Whiteshill Farmhouse is a Grade II listed building in the Braintree local planning authority area, England. First listed on 27 February 1979. House. 1 related planning application.
Whiteshill Farmhouse
- WRENN ID
- western-clay-mist
- Grade
- II
- Local Planning Authority
- Braintree
- Country
- England
- Date first listed
- 27 February 1979
- Type
- House
- Source
- Historic England listing
Description
Whiteshill Farmhouse is a house that dates back to the early 17th century, with extensions added in the 18th and 19th centuries. It is timber framed, plastered, and has a roof made of handmade red plain tiles. The house has three bays facing north, with a central stack that creates a lobby-entrance plan, and a service wing located at the rear of the stack. An 18th-century extension forms a short range parallel to the main structure, while there are also single-storey extensions from the 19th and 20th centuries at the back.

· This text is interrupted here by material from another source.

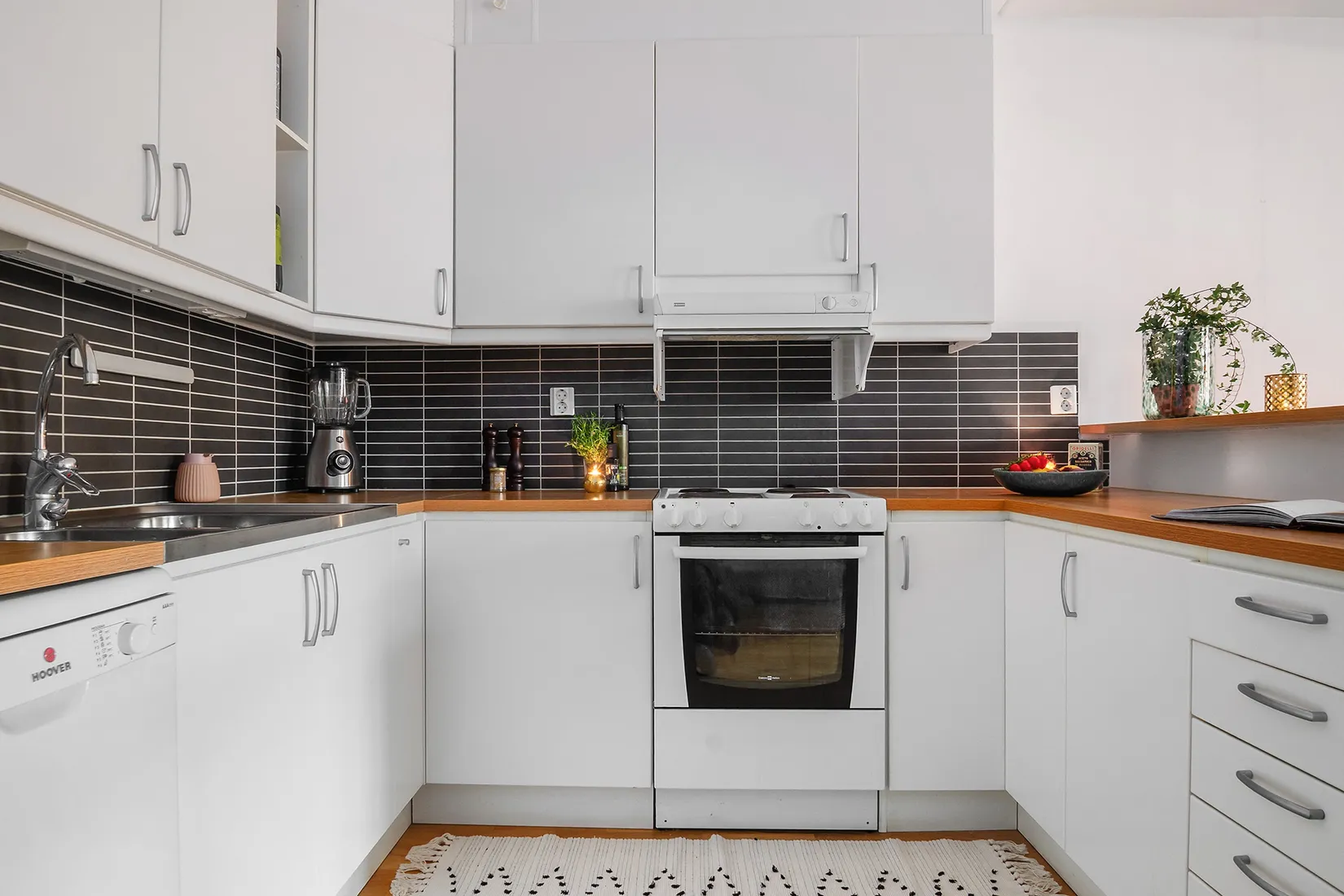 Bostadsrätt, Skebokvarnsvägen 376, 1tr, Högdalen, Stockholm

The farmhouse is two storeys tall. On the ground floor, there are two early 19th-century sash windows with 16 lights. The first floor features two early 19th-century sash windows with 4 + 8 lights, some of which contain crown glass. At the front, there is a six-panel door beneath a large gabled porch supported by six octagonal shafts.
Inside, the right ground-floor room has a large wood-burning hearth, a chamfered axial beam with lamb's tongue stops, and plain joists with a vertical section. The left ground-floor room also has a large hearth with splayed sides and a depressed arch, along with a similar beam, and the joists are plastered to the soffits. Behind this hearth is a nearly complete bread oven that originally opened into the rear wing, though the entrance has been blocked.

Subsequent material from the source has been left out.